Here's the review for anyone who's interested. And now I have to dash off to more theatre, this time at the newly refurbished Belvoir Street Theatre. At least The Dreaded One has the night off and we can go together. Meeting her there. Thinking about pretending we're strangers meeting for the first time... our eyes meet from across the room, a loaded smile, I move through the crowd oozing mystery, walking sexily, introduce myself smoothly. There is a spark of passion as she

Fuck. Running late.



BLUE EYES AND HEELS

As the theatre fills, our ears are caressed gently with the ethereal strains of Ave Maria before the serenity is shattered by a camp and crass video montage of World Championship Wrestling. Funny stuff – the glammest of glam rockers have got nothing on these prancing roid boys.

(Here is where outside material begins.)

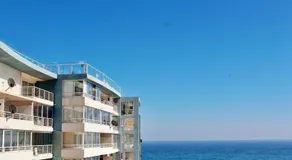 Piscina climatizada frente a Playa Lilenes - Image 5
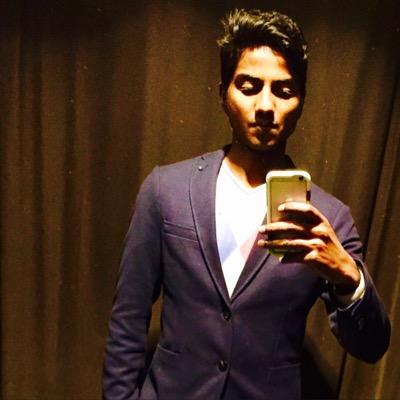 founder and director at Gianna fashion private limited 
#Fashon designer 
for business/promos:- dmallick@jiiah.com
Instagram:@d.m_mallick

The very amusing first act of Toby Whithouse’s play sees the oily TV exec Duncan casting for his new project, the re-introduction of telly wrestling. Victor – The Count Of Monte Christo in his heyday – enters and dismays with his age. At 55 years old he is well past his use-by date and tragically stuck re-living his glory days. Personal assistant Emma appears to feel for the hapless Victor, and to us too there is a hint of something pathetic about him. When it is revealed that Victor is a good mate of the head of the production company, Duncan’s indifference towards the old has-been turns to false bonhomie, giving the old wrestler a glimmer of hope of another chance.

It’s all quite funny, and quite fun, but you sense that it’s all leading towards something a bit meatier, and into the second act we are given a big serving of Stuff To Think About – still with the humour (no matter how bitter) – no more than a dislocated arm’s length away.

On one level there is basic human decency to consider. Victor is stuck in the past and is pretty annoying, but at the same time he’s just an honest bloke trying to make his way and do the right thing. That he is willing to change his wrestling persona to The Fiddler (you won’t believe you can laugh so much at a pedophile joke, but laugh you will, I promise) speaks volumes about his vulnerability and the TV exec’s oblivion to it.

But on another level – and this is where I saw several audience members sit forward attentively – there is the question of the nature of television and who, exactly, is dictating what we are fed. Wrestling is the topic in what turns into a heated debate, but it’s also about b-grade drama, reality shows, current affairs shows and those idiotic late night quiz things. Why does it all exist? Who is to blame?

There are many memorable lines in this well-cast play. Switch off the television. Go see some real entertainment.

Until 28 October, Darlinghurst Theatre, Potts Point

4 comments:

Anonymous said...

Even if you're not supposed to drink, those theatre-types are all alcoholics anyway. They won't notice...

Quick said...

I think you're onto something, Pure Gin. It's second nature. I was late but still said "There's a ticket for me, no plus one tonight, and you, idle barman, pour me my wine."

Guyana-Gyal said...

Ahhh, what a life, what a life. Plays, Sydney, theatre...Kings Cross...I wonder if that young fruit vendor is still there, where the beautiful girl awaits her...well, whatever she was waiting for.

Quick said...

Yes GG, I have plenty to be grateful for.